Tools of Characterization

Character Analysis

Actions

The man's actions reveal clue of his character. He is abusive, even to the point of murder. He describes a series of actions that mark his descent into evil. The way he writes and thinks are difficult enough, but the things he claims to have done (i.e., murder his wife and his cat) characterize him as a murderer, who happens to be an abusive and cowardly person. The man's actions also characterize the other characters as victims.

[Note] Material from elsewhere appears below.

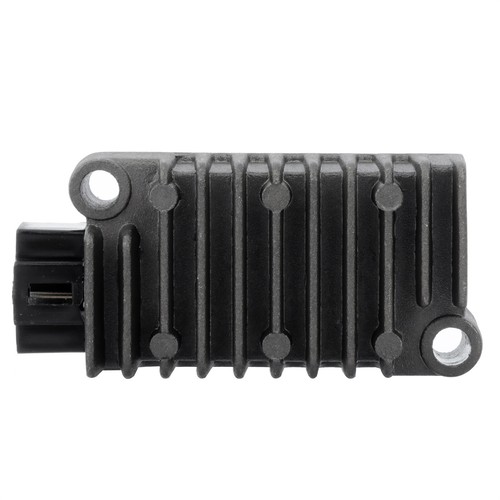 Regulator Rectifier For YAMAHA FZR600R Motorcycle 1989 1990 1991 1992 1993 1994 - Picture 17 of 24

The man's wife is characterized, until the end, by her seeming lack of action. She is described as dangerously passive. At the end of the story, this changes. She actively thwarts the murder of the second cat. In fact, she dies defending him. This characterizes her as a courageous hero.

Physical Appearances

Since the man and his wife aren't described, this one applies only to Pluto and the second cat. The fact that both cats are missing an eye makes them hugely sympathetic characters. Even if readers aren't fond of cats, they will likely feel sorry for cats with missing eyes.

Family Life

This one is fairly obvious. All the main characters share a very unhappy home life. But it shapes their characters differently. It characterizes the narrator as a victimizer, and the wife and pets as victims.

Names

In Roman mythology, Pluto is the god of the underworld, a kind of king of the dead. But, this doesn't really help us characterize him, because, after all, it was the man who named him. Maybe this tells us more about the man than the cat. Why might he have named his cat Pluto? Is it possible that the narrator intended to prepare readers to think of the second cat as some kind of supernatural monster? If not, does his choice of names suggest that even before he started drinking, he had a fascination with deathly and ghastly themes?

(By the way, the dwarf planet Pluto wasn't discover until the 1930s, so Poe wouldn't have known about it.)